THE BATHROOM FLOOR REMAINED LITTERED WITH SEWAGE which we had thrown lots of newspaper down on to soak up the water in.  It smelled.  Our cabinetry is warped, our water and electric bills will be very high, and we're out a couple hundred bucks in bath towels, paper towels, the purchase of cleaning supplies we would not normally buy, and so on.

THE CARPET CLEANERS WERE AWARE IT WAS A SEWAGE PROBLEM but they did not wish to help us with the bathroom.  Our furniture is all around in a chaotic crazy-making scene, blocking a view to our television set as the carpet dries.  When we come home we open the door and do a sniff test.  To us it still smells a little outhouse.  Our dog will not even enter the bedroom or the bathroom.

So we called ENVIRONMENTAL HEALTH.  They said they could not come out.  And so it went.

WHAT WE ARE PERPLEXED, ok PISSED OFF, about is the IT'S NOT MY JOB, MAN attitude we encountered.  NOT MY JOB.  Everyone made it clear the bathroom floor was NOT THEIR JOB.  No one offered to do it, not even for MORE MONEY!

Certainly ours cannot be the only home that had a sewage emergency in recent times.

So we bought rubber gloves, face masks, used more newspaper, let it soak up and dry, and removed it, then scrubbed with ammonia and scrubbed some more.  Sad to admit but it's been a week and we still have newspaper all around the immediate tub area.  It's just too much for us to do and try to keep up with our life.

Talking to a friend, she said, YOU NEEDED TO CALL THE SMELL-GOOD PLUMBER.  This is a local plumbing syndicate of many years duration that advertises on local radio programs.  They say that their plumbers themselves SMELL GOOD.  If one of their plumbers shows up with B.O. then you don't have to pay them!  Besides using good deodorant and washing their hands, what's implied is that their plumbers WILL NOT LEAVE A MESS FOR YOU TO CLEAN UP! 

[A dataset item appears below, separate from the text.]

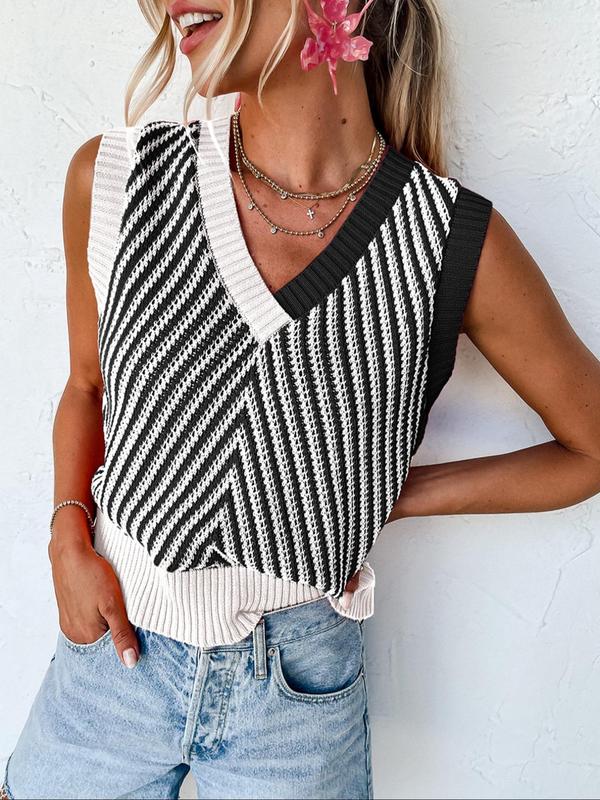 Women's Colorblock V Neck Sweater Vest, Casual Sleeveless Knit Top for Summer, Fashion Women's Knitwear for Daily Wear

Another realization we had was that this plumbing problem WAS PROBABLY ABOUT THE DROUGHT.  You see, we've been voluntarily cutting down on the number of showers we take to save water for California.  Instead of every day, we take showers every other day, and if we go swimming we shower at the pool.  We realized that by not having gallons of water going down our drain every day, the pipes are not getting the regular cleaning action of water running through them.